COMPLEX MAGAZINE:  What Every Celebrity Designer can learn from Rihanna and Puma.

Yesterday, Rihanna presented her Spring 2017 Fenty x Puma collection during Paris Fashion Week at the Hôtel Salomon de Rothschild. Models walked down the runway in silk dresses, a chinoiserie romper suit, durag-like headpieces, corsets, a parka that was trimmed in ruffles, hoodies with super long sleeves, lace up sweatpants, creeper-soled boots, and stiletto mules in white, pink, green, and lilac hues.

Unlike other celebrity fashion lines in the past, Rihanna's second collection was actually different from the first. It was also daring, though not revolutionary. Still, Rihanna has figured out the formula for what celebrity fashion lines should be: Make something that’s an extension of you. The beauty of Rihanna, and the projects she works on, is that every endeavor—music, fashion, or otherwise—is a direct reflection of her. It’s clear that she’s hands-on (the Tidal stream showed her prepping for the show and helping style models during the walkthrough) and it’s her vision that’s being executed.

Rihanna's Fenty x Puma Spring/Summer 2017 runway show  

If you’ve kept up with the singer’s style, you’d know she has worn pieces similar to what was presented during the Spring 2017 runway show (she’s a big endorser of wearing sleepwear outside of her bedroom). Perhaps that’s why it felt like both male and female models were, in some bizarre way, transformed into the singer—one male model even wore a pink crop top. They were dressed like her and walked with her attitude.

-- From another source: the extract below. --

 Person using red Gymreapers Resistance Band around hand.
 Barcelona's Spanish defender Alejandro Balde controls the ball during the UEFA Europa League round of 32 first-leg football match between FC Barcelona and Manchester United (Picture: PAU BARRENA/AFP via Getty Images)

Plenty of artists have collaborated with brands and “designed” clothing lines before. But Rihanna approaches her collection differently. She didn’t just slap her name on Puma suede sneakers or a hoodie. She signed a deal with Puma in 2014 that clearly gave her creative input, and designed two full collections that are quite a leap from what the sportswear brand is accustomed to— and were still true to herself and her sense of style. Wearing a piece of Fenty x Puma is like owning a piece of Rihanna. And isn’t that the point?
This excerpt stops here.